Aline, apprentice and roommate with a desire for even more, ...

Also, stay away from using a / when or or versus would work better:

My Aline/Joey roommate choice is a serious conundrum.

  • 1
    I second the final sentiment, sometimes people do that, but it reads to me as AND Commented Jan 10, 2017 at 23:18

The vocalisation and spelling-out of slash in writing seems to already be in use in colloquial contexts. Professor Anne Curzan from the University of Michigan gives examples from her students here:

Two weeks ago, one student brought up the word slash as an example of new slang, and it quickly became clear to me that many students are using slash in ways unfamiliar to me. In the classes since then, I have come to the students with follow-up questions about the new use of slash. Finally, a student asked, “Why are you so interested in this?” I answered, “Slang creates a lot of new nouns, verbs, adjectives, and adverbs. It isn’t that often that slang creates a new conjunction.”
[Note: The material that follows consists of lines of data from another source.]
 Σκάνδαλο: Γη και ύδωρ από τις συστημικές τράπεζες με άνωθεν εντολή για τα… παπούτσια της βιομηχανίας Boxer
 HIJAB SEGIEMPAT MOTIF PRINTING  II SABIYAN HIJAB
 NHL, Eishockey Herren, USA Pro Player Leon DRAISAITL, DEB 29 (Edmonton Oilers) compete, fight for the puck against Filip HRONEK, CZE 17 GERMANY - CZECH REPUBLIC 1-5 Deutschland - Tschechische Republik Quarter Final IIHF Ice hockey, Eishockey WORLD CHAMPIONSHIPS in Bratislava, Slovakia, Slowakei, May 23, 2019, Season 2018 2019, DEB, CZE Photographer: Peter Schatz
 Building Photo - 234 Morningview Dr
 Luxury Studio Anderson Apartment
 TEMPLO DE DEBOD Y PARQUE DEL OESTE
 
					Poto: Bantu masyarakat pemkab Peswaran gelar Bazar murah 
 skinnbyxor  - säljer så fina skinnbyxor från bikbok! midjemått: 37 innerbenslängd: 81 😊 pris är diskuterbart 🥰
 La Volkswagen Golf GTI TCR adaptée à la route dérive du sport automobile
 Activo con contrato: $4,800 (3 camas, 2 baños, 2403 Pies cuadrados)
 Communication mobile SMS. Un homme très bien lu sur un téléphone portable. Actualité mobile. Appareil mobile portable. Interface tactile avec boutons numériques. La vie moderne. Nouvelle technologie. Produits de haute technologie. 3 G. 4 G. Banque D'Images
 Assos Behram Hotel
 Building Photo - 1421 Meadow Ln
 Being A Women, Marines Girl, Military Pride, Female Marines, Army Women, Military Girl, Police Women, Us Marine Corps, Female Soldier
She discusses the slang usage here as well.

This link cites definitions of slash from multiple dictionaries, as well as giving examples from an array of literature of where the spelled-out version has been used, i.e.:

The linguist Brett Reynolds, who blogs about language at English, Jack, has found a couple of examples from the 1990s.

This one is from the Sept. 28, 1992, issue of Time magazine: “Meet urban planner Campbell Scott (‘a realist slash dreamer’).” And this one is from the script for the 1999 movie Mumford: “sexual surrogate slash companion.”

Related to this, and in the same link, are examples of cum having been used in a similar fashion:

Although most standard dictionaries still consider “cum” a preposition, Merriam-Webster’s Collegiate Dictionary (11th ed.) recognizes it as a conjunction and has this example from George Bernard Shaw: “a credible mining camp elder-cum-publican.”

stroke is another one:

It could have been a pretty incognito look for the singer-stroke-actress, but paired with nude heels, an undone updo and aviators sunnies, she gave it serious sex appeal.

Languages are living/evolving forms. Where one thing works in one context, it might be totally out of place in another. As the author, trust your instinct as to whether your context will accommodate that slash. Since the question isn't about strict grammatical rules, there's really no right or wrong in my opinion.